It shouldn't be any surprise that Chavez has done what he did. Venezuela is sitting on massive oil wealth and has been for most of the twentieth century, and literally none of it was going to the Venezuelan people. Chavez did not take power in a coup, and in fact was able to avoid being removed in a coup that was clearly recognized and applauded (if not instigated) by the Bush administration. The New York Times has an interesting article on the upcoming election which will revise the Venezuelan Constitution and create what one commenter calls a "centralized Oil-based socialist state."
In two weeks, Venezuela seems likely to start an extraordinary experiment in centralized, oil-fueled socialism. By law, the workday would be cut to six hours. Street vendors, homemakers and maids would have state-mandated pensions. And President Hugo Chávez would have significantly enhanced powers and be eligible for re-election for the rest of his life.Venezuela faces the same problem of any nation whose national income is primary from the sale of oil and which has no real middle class. This usually leads to an authoritarian government which represses the poor, while the wealthy live far beyond the possibilities any of the poor ever have a chance to achieve. This has frequently been the pattern in oil-rich nations, and in both Libya (1967) and Iran (1979) it led to a revolution which replaced the old and corrupt government with a revolutionary one. It is also the reason why the Muslim Brotherhood is so powerful in Egypt and why the Mubarak does not allow real elections while running an authoritarian nation. Much of the trouble in Nigeria can be traced to this pattern.

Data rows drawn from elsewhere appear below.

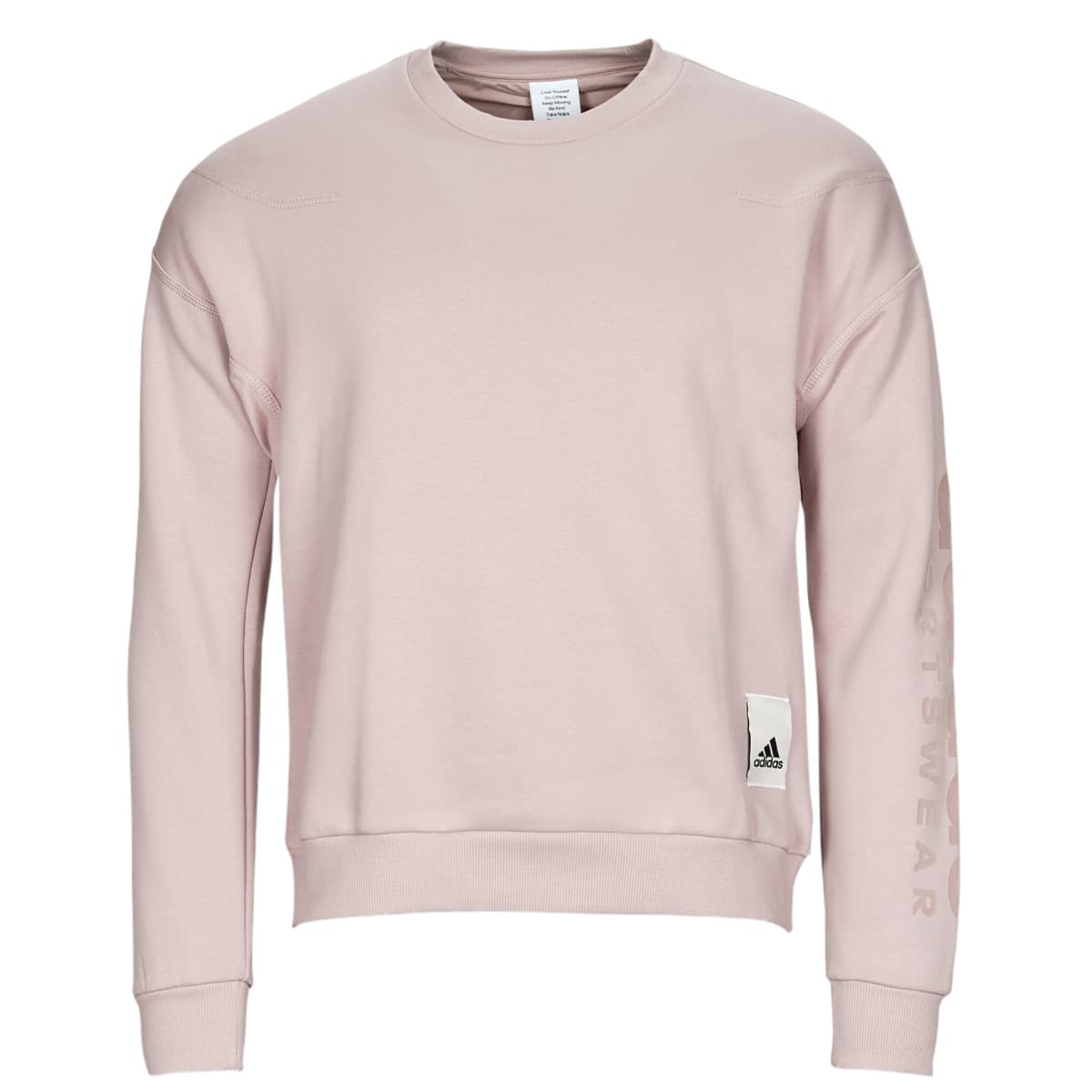 Αθλητικό T-shirt adidas CAPS SWT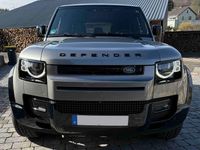 Gebraucht Land Rover Defender SE Dynamic 249 PS (183 kW) 2024 Silber SUV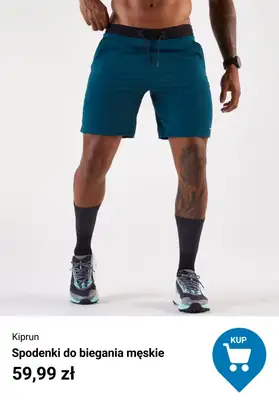 Decathlon - gazetka promocyjna -20% na drugi produkt z odzieży biegowej od piątku 06.03 do czwartku 28.05 - strona 4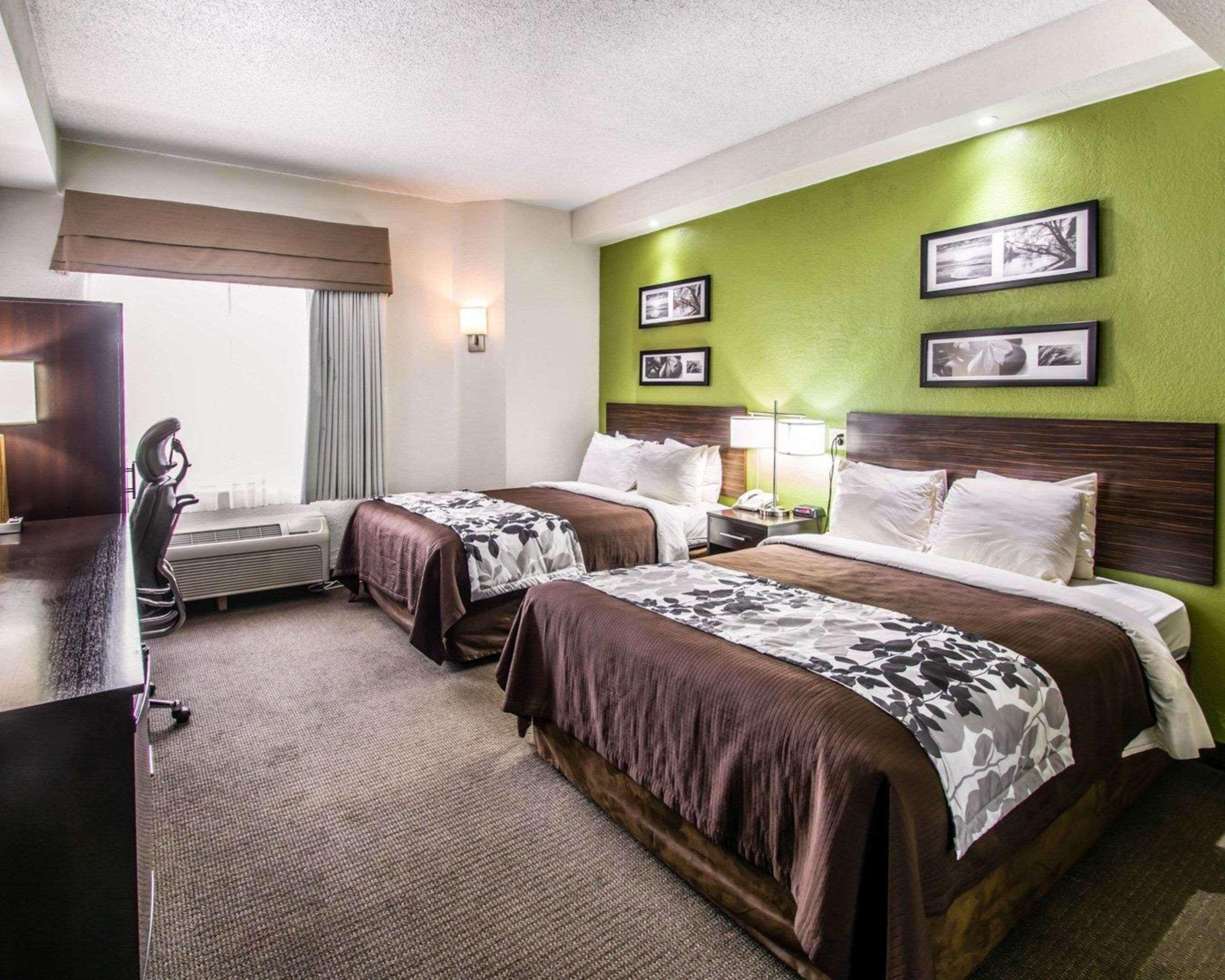 Sleep Inn Fort Pierce I-95 Buitenkant foto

The power that resides in control of the flow of income from oil allowed Saddam Hussein to keep the various sects and tribes in Iraq from successfully revolting, until George Bush removed him and left the whole kettle to explode.
A sweeping revision of the Constitution, expected to be approved by referendum on Dec. 2, is both bolstering Mr. Chávez’s popularity here among people who would benefit and stirring contempt from economists who declare it demagogy. Signaling new instability here, dissent is also emerging among his former lieutenants, one of whom says the president is carrying out a populist coup.
“There is a perverse subversion of our existing Constitution under way,” said Gen. Raúl Isaías Baduel, a retired defense minister and former confidant of Mr. Chávez who broke with him in a stunning defection this month to the political opposition. “This is not a reform,” General Baduel said in an interview here this week. “I categorize it as a coup d’état.”
Chávez loyalists already control the National Assembly, the Supreme Court, almost every state government, the entire federal bureaucracy and newly nationalized companies in the telephone, electricity and oil industries. Soon they could control even more.
But this is an upheaval that would be carried out with the approval of the voters. While opinion polls in Venezuela are often tainted by partisanship, they suggest that the referendum could be Mr. Chávez’s closest electoral test since his presidency began in 1999, but one he may well win.
“We are witnessing a seizure and redirection of power through legitimate means,” said Alberto Barrera Tyszka, co-author of a best-selling biography of Mr. Chávez. “This is not a dictatorship but something more complex: the tyranny of popularity.”
When the export is oil, only a very few individuals control how the income from that oil is distributed. There is no middle class unless the government takes action to create one. Without a middle class, power remains centralized and the normal course of action is to repress the poor while catering to the wealthy.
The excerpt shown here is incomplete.